If you are in a field with cows and calves, do not get between the cows and the calves and, if you havent already done it, be prepared to slip the leash off the dog. If the cows do attack - you will know if they do - they will always go for the dog. Leave cows and dog to it. Let the dog take its chances and exit the field. Cows in this position will only stop attacking when they are sure there is no further threat to their calf. This makes them more dangerous than a bull! Getting a dog between cows and calves will provoke an attack. If you get in the way, you will get hurt or be killed. Your dog...if it has any sense at all, will exit the field by the nearest hole in the hedge!
The danger from the curious bovine (as Paddy put it) is because they are mighty curious and a touch clumsy.....so be prepared to slip your dog off its leash to distract them. Another option (if you have no dog) is to stand rock still....wait to be sniffed, maybe licked () and then walk quietly on. Think equal reactions -if you are quiet and calm, then they will be. Jump around and scream......

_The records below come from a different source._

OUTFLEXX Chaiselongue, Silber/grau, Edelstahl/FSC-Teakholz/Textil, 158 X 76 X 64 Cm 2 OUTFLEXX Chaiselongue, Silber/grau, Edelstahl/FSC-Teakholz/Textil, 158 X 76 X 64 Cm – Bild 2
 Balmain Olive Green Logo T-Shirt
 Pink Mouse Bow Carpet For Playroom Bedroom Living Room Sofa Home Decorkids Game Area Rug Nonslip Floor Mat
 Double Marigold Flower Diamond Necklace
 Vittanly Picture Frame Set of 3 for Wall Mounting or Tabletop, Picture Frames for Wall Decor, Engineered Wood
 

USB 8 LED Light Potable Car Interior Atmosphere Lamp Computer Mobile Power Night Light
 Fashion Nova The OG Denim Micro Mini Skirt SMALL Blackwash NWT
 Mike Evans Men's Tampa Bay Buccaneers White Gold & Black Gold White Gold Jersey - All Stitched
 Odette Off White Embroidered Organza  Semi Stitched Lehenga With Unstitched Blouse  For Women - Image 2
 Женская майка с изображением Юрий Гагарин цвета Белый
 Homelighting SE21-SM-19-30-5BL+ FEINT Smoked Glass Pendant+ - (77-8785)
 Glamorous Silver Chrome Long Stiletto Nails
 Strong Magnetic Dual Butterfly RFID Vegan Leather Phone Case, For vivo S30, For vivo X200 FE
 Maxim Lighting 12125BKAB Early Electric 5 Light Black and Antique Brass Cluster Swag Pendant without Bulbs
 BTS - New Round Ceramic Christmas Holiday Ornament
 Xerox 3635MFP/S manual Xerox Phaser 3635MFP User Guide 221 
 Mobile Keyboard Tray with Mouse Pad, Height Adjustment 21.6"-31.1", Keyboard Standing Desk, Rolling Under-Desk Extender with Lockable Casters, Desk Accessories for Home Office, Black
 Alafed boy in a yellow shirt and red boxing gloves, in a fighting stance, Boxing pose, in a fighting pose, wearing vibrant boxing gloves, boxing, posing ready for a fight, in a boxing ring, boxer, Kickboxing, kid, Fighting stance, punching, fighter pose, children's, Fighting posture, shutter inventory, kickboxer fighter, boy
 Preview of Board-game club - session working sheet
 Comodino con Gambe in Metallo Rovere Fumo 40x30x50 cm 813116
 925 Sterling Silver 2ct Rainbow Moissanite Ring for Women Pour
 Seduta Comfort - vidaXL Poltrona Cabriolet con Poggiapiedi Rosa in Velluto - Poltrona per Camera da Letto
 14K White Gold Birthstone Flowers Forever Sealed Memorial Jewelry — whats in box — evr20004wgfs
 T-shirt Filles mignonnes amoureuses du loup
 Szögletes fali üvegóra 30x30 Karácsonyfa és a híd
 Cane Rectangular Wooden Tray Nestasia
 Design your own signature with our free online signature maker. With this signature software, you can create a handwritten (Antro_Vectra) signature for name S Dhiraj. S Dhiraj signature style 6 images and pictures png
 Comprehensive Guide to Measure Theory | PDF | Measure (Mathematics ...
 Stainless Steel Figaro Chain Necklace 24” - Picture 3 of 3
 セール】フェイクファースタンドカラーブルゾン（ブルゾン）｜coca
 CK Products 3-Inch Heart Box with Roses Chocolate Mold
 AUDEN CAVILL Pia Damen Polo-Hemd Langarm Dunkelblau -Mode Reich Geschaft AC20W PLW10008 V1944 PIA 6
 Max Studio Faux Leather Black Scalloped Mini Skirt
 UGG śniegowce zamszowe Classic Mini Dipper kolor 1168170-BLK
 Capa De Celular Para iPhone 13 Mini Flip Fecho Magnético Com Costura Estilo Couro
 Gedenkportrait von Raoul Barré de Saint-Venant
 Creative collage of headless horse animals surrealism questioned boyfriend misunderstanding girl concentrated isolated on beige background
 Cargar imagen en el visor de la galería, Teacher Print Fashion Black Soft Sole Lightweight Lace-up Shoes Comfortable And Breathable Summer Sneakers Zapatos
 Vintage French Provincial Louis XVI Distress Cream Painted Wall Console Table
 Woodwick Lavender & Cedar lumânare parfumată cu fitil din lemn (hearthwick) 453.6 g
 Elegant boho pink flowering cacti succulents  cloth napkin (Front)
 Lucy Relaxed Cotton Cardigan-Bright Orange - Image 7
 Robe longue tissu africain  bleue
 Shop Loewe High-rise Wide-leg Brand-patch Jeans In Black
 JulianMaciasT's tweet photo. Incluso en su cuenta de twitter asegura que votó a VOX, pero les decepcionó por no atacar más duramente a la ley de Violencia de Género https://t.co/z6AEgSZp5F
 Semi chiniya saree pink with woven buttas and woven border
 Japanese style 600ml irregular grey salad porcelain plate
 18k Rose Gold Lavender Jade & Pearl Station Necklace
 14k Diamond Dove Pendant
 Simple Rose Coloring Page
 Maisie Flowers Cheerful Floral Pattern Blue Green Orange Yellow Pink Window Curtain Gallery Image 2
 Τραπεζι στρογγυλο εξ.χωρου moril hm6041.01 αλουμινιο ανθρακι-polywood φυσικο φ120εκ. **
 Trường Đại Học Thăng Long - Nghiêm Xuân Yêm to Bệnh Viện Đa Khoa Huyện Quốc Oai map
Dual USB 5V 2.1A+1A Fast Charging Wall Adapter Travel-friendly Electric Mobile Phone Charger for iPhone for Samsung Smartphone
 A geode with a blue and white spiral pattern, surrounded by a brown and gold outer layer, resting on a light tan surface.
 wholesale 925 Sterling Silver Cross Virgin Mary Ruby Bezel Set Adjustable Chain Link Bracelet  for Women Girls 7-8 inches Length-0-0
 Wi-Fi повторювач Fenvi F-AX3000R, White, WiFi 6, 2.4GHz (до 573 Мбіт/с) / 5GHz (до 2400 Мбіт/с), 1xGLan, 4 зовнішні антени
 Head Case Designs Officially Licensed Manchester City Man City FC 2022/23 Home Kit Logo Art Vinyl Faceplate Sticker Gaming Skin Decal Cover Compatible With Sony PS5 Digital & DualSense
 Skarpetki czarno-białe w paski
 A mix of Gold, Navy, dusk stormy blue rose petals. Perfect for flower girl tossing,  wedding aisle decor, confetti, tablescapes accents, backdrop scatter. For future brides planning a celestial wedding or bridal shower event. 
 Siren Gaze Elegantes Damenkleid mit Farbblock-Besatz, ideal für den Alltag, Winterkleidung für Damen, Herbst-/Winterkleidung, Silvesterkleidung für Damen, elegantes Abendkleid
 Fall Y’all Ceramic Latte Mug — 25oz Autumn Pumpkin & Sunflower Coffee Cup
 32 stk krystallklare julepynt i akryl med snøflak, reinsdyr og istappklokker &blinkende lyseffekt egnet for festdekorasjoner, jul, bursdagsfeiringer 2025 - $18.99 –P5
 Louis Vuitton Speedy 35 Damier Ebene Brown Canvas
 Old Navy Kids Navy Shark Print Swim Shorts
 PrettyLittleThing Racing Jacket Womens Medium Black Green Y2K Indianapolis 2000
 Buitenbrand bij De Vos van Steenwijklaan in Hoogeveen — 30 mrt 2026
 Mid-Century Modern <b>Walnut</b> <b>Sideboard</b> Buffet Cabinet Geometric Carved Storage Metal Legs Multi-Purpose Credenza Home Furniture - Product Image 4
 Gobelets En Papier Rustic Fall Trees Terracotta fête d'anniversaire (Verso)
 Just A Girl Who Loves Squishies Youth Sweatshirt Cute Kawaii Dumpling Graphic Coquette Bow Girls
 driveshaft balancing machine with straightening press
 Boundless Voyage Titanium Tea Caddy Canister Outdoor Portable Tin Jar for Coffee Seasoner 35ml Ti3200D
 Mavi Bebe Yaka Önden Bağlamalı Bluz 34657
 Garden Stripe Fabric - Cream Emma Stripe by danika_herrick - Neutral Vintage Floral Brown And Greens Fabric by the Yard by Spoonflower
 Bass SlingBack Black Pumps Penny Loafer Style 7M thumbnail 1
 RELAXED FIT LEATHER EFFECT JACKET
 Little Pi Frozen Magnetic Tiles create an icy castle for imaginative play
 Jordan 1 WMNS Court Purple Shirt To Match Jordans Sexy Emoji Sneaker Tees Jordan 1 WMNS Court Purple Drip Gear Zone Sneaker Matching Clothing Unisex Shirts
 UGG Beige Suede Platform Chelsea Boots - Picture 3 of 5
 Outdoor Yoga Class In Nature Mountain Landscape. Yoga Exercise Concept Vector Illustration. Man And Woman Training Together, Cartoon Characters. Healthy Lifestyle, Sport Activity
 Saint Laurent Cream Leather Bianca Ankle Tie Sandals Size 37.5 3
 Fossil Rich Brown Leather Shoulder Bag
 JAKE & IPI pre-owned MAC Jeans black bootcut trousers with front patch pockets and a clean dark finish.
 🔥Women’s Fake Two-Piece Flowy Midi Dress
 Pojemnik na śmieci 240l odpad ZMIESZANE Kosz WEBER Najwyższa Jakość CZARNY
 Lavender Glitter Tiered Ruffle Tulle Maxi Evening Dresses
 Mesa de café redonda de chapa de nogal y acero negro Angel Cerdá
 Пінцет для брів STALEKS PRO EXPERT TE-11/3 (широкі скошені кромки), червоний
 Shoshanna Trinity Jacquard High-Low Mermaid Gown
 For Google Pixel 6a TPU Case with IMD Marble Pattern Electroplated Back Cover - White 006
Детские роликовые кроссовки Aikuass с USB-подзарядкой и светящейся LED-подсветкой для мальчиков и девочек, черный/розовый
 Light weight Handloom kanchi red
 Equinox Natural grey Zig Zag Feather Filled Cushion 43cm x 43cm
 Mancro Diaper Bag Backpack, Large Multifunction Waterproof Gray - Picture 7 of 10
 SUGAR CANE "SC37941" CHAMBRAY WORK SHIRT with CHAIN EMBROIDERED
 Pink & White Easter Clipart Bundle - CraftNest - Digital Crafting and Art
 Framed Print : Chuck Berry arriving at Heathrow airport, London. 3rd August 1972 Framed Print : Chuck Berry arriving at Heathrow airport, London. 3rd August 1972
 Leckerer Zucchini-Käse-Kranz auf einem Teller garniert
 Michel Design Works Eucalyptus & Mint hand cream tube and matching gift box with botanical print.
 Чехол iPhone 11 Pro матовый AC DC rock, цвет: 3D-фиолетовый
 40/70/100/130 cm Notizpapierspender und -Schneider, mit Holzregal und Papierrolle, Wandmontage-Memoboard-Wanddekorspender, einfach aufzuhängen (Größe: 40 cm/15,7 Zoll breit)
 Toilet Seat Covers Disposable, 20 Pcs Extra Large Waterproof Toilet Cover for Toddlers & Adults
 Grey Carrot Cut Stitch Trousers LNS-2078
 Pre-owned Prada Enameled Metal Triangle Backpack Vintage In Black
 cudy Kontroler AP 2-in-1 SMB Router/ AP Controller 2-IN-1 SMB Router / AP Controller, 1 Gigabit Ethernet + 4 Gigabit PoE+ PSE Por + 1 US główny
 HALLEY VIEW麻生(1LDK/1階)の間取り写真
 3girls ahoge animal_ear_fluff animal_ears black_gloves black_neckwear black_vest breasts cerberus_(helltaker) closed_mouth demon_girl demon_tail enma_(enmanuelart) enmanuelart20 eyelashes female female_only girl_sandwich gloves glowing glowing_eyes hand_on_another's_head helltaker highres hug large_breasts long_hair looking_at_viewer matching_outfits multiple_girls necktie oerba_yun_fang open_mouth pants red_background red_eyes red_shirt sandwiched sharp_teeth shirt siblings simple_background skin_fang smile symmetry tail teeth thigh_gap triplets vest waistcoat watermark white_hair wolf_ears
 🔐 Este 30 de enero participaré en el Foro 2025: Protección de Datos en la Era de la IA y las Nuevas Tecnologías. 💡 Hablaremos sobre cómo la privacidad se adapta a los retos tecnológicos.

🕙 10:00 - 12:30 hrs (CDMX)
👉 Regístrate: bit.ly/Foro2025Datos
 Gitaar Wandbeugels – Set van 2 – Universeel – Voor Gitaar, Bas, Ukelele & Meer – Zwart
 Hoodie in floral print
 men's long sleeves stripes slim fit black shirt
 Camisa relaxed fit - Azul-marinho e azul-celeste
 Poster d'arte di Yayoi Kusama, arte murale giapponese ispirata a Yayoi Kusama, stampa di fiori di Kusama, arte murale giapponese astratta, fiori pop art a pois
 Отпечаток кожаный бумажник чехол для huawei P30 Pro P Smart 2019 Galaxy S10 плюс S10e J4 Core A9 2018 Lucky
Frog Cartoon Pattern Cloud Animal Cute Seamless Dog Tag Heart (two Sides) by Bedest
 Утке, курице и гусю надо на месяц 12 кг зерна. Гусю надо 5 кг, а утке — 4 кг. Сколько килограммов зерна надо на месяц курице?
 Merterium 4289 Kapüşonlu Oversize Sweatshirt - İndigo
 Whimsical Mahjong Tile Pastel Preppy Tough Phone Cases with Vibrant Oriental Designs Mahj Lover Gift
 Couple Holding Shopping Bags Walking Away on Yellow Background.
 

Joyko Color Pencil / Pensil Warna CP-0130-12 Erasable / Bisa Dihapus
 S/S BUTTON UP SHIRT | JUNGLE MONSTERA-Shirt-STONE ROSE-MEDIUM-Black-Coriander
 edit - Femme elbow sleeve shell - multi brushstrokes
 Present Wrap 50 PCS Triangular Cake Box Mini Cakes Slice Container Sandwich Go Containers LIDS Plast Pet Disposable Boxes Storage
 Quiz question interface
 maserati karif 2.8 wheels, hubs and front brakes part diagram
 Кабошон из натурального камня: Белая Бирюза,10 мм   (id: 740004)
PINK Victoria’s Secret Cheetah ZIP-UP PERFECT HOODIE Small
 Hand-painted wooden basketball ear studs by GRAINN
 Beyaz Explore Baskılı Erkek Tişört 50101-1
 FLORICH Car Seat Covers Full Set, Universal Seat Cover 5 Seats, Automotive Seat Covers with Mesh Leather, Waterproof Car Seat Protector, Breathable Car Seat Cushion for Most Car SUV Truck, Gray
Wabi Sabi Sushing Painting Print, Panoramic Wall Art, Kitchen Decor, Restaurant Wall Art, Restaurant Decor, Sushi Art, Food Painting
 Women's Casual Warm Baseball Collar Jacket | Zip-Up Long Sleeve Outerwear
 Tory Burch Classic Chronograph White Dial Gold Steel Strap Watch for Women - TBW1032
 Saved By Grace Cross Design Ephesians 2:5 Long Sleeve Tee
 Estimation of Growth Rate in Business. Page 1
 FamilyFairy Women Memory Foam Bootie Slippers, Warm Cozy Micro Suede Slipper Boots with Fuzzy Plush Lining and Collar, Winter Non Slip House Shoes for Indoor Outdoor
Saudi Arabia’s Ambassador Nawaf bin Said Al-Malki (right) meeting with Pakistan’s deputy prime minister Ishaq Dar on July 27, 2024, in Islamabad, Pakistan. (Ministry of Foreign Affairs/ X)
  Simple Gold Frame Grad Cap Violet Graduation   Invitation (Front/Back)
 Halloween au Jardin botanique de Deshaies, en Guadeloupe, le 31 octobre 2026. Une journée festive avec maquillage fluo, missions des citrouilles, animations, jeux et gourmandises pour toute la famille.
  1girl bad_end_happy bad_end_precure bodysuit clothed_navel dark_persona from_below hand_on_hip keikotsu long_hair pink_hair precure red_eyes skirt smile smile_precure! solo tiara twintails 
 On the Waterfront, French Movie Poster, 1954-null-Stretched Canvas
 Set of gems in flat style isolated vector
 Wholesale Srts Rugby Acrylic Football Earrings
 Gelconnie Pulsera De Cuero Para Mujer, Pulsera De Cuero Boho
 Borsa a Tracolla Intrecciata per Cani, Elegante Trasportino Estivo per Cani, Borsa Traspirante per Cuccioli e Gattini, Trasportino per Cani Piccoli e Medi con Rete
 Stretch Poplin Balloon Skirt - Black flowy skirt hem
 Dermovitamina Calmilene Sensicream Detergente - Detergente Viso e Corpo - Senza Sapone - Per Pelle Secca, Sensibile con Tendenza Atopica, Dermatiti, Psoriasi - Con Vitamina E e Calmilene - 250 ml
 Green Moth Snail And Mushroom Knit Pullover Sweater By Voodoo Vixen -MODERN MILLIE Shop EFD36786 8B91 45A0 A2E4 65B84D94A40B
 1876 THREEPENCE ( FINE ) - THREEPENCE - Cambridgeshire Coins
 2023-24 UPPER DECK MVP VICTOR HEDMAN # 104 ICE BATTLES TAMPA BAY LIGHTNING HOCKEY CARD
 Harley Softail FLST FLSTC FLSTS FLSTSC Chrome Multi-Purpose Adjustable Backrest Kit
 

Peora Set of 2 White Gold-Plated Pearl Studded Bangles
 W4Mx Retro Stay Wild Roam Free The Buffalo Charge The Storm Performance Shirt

Sheep. Sheep are trouble, especially coming up to lambing time. All a dog has to do is run around a field to provoke panic and a stampede in a flock. Apart from the physical injuries to the sheep, pregnant ewes can spontaniously abort their lambs up to 48 hours after a stampede. When in a field with sheep......keep your dog on its lead. No exceptions.
ok, just my experience then... but my family have had cocker spaniels for the last four generations, and they may behave differently. we've never had a problem with cows - they amble over to have a sniff, and the cockers sniff back, and we all wander off our separate ways.
not anthropomophism hugh, just a few generations' experience based on one breed of dog alone.
Simon Barry wrote (see)
Of course! As I said, my concern is only about cows.
I agree with Simon about dogs worrying livestock.. My bulldog's encounter with the bullocks was my fault and never repeated because I made a point of putting his and his successors' leads on whenenever they might meet any, but I then made sure we didn't get into any fields with cattle. I had to put them on leads for horses too.
I think that this thread has shown that the bullbreeds (mine and Ray's) act one way, spaniels another and other unspecified breeds run away. Peewiglet will need to establish how her terrier reacts before she can choose the best strategy.
Frum wrote (see)
I hope mine will be one of the 'smile first, and if necessary run away' breeds!